After retiring from playing James Bond in 1985 after the release of “A View to a Kill,” Moore took several years off from the business. When he returned, he appeared in the largely forgettable British productions “Fire, Ice and Dynamite” (1990), “Bullseye” (1990), “Bed & Breakfast” (1992) and “The Man Who Wouldn’t Die” (1995). He was the best thing about “The Quest” (1996), an adventure film that marked the directorial debut of Jean-Claude Van Damme, and offered up the only moments in the dreadful “Spice World” (1997) and “Boat Trip” (2002). After a nine-year hiatus, he appeared in the Hallmark Channel film “A Princess for Christmas” (2011), which would prove to be his final on-screen role. In 1991, he was named a Goodwill Ambassador for UNICEF and did a great deal of work for the charity, including voicing the role of Father Christmas in the 2004 UNICEF cartoon “The Fly Who Loved Me.” He also worked with PETA to protest the production of foie gras and his efforts were said to have helped lead to the department store Selfridges agree to remove it from their shelves.
In 1973, Moore published the diary that he kept during the production of “Live and Let Die” as Roger Moore as James Bond: Roger Moore’s Own Account of Filming Live and Let Die. In his later years, he would publish a trio of books—My Word is My Bond: The Autobiography (2008), Bond on Bond: The Ultimate Book on 50 Years of Bond Movies (2012) and One Lucky Bastard (2014).

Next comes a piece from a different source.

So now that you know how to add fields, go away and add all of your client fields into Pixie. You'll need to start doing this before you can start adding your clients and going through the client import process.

Like the author, these books were breezy, cheerful and while they may not have been especially revelatory, they did offer an eye-opening look into the excitement and madness of playing one of the world’s most famous movie characters. For Bond fans, they are essential reads but there is plenty of entertainment to be had in them for those not so inclined.

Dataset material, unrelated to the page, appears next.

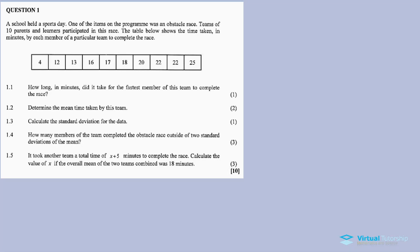In this video we are doing Okulumang Statistics, Question 1 from the November 2018 question paper. In the description below you'll also find links for other questions on this question paper.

Roger Moore never took himself too seriously—he once referred to himself as “the fourth-best James Bond”—and as a result, it is tempting to do the same. However, even though he was undeniably one of the biggest movie stars in the world at the peak of his career, he was still a strong actor; a look at some of his better films—“The Man Who Haunted Himself,” “The Spy Who Loved Me,” “Ffolkes” and “For Your Eyes Only”—will hopefully demonstrate that. His passing is a sad event, of course, but perhaps it will lead people to reexamine his work and realize that he was indeed much more than a handsome face with a way with a one-liner.